Provided material:
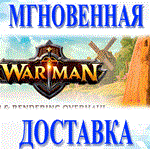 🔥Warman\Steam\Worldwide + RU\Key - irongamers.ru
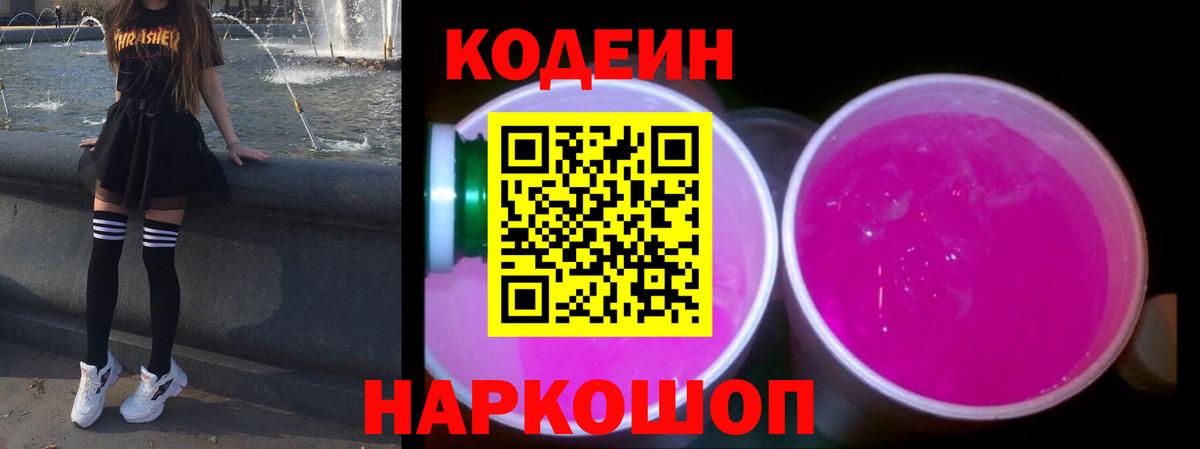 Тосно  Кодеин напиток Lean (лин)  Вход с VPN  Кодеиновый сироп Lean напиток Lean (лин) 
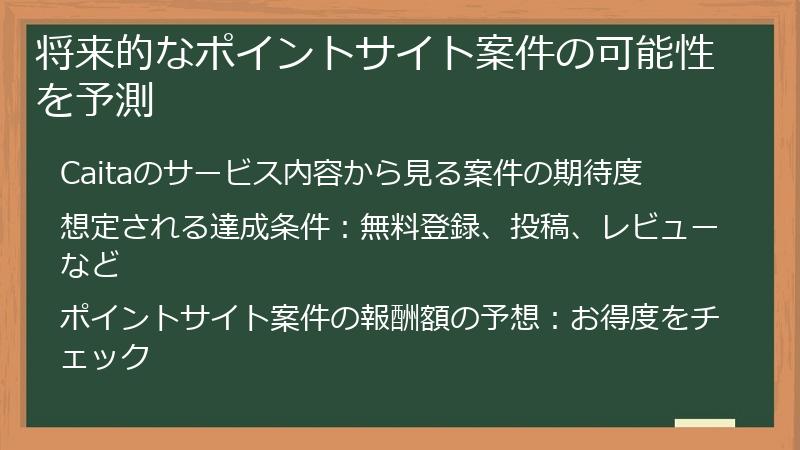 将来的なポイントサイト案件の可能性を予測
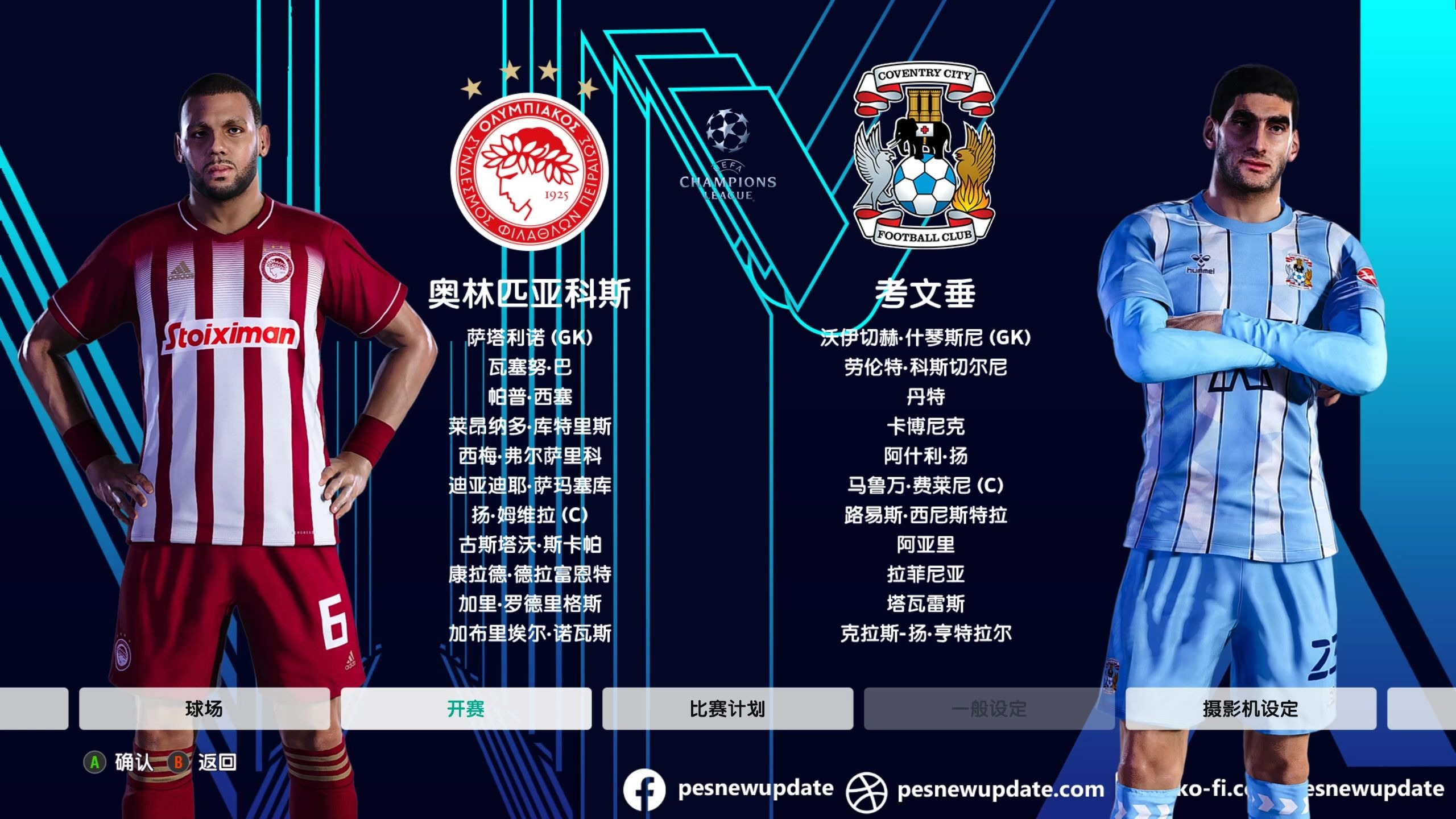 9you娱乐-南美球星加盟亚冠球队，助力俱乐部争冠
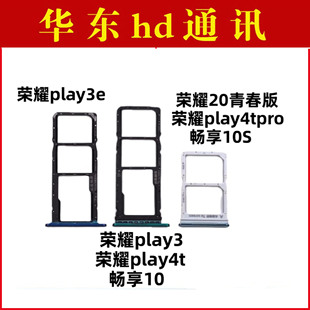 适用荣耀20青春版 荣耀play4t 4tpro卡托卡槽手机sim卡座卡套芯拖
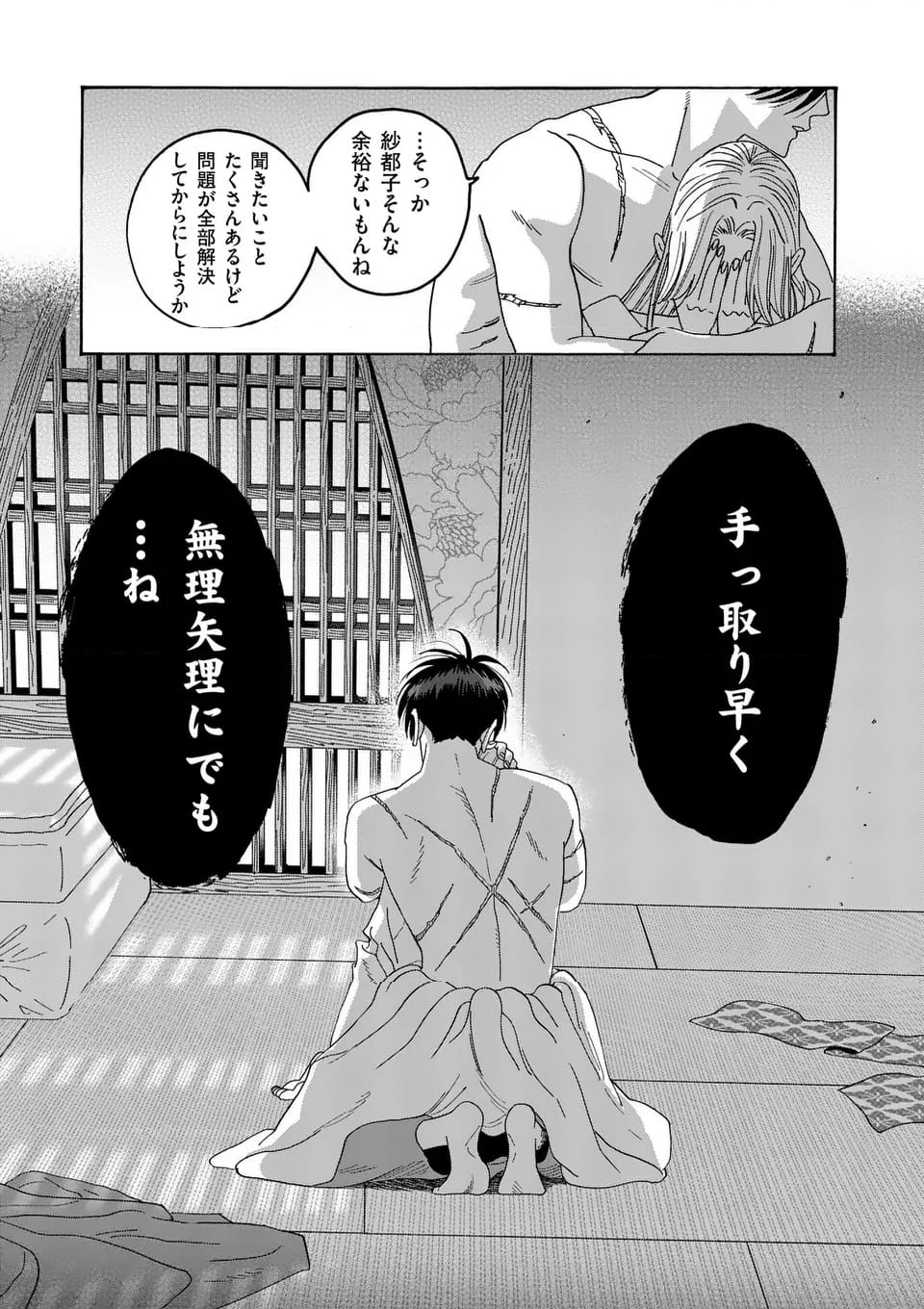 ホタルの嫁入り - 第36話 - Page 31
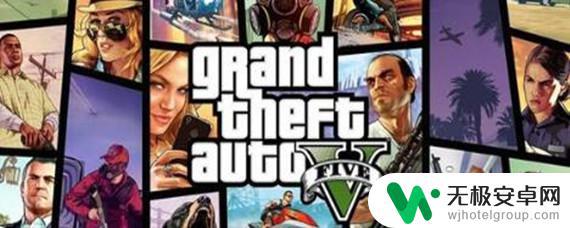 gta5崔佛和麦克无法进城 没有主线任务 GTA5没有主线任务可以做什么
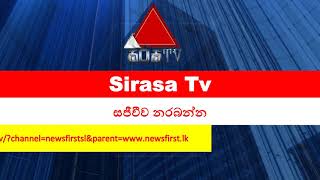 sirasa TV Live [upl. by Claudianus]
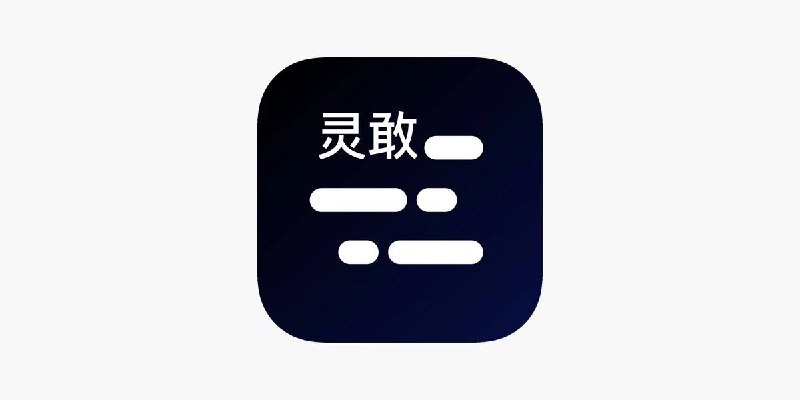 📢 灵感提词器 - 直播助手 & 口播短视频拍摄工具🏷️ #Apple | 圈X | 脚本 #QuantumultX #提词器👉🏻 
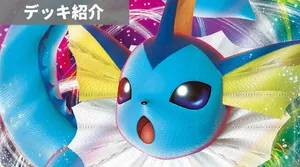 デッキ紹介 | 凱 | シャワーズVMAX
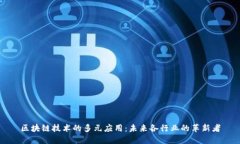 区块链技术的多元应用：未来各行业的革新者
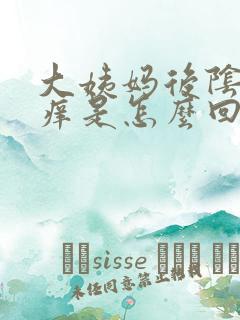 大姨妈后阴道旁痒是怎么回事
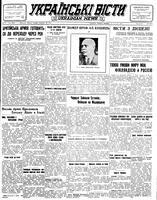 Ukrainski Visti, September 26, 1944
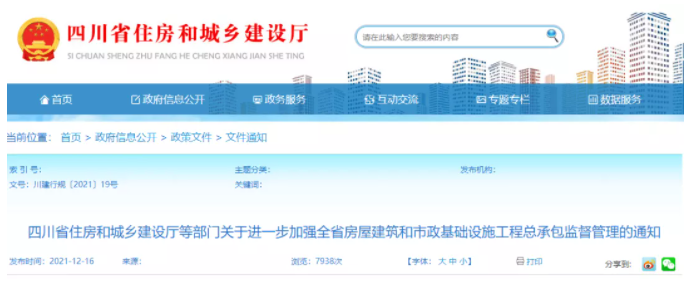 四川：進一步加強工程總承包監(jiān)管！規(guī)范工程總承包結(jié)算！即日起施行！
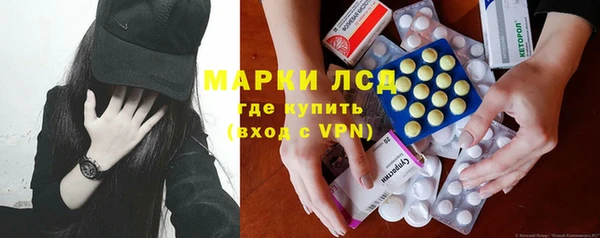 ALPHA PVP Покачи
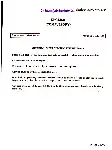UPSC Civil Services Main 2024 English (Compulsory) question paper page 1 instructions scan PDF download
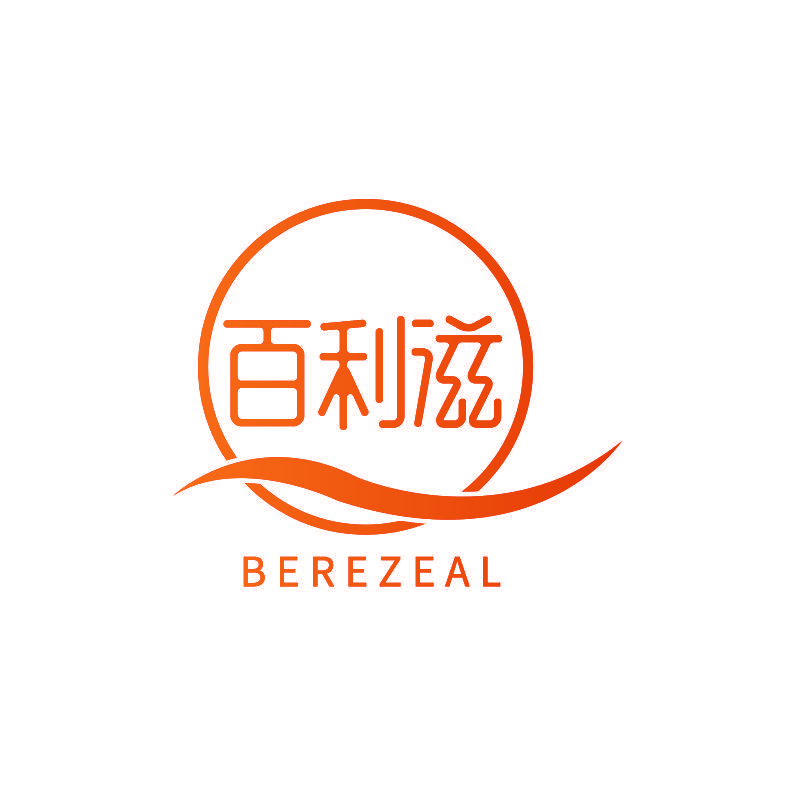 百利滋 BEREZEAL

Task directions: Give again, exactly as written above, every line from the one holding "9you娱乐-南美球星加盟亚冠球队，助力俱乐部争冠" to the one holding "区块链技术的多元应用：未来各行业的革新者", with both ends kept and the pictures left out.

Answer:
 9you娱乐-南美球星加盟亚冠球队，助力俱乐部争冠
 适用荣耀20青春版 荣耀play4t 4tpro卡托卡槽手机sim卡座卡套芯拖
 ホタルの嫁入り - 第36話 - Page 31
 gta5崔佛和麦克无法进城 没有主线任务 GTA5没有主线任务可以做什么
 sirasa TV Live [upl. by Claudianus]
 📢 灵感提词器 - 直播助手 & 口播短视频拍摄工具🏷️ #Apple | 圈X | 脚本 #QuantumultX #提词器👉🏻 
 デッキ紹介 | 凱 | シャワーズVMAX
 区块链技术的多元应用：未来各行业的革新者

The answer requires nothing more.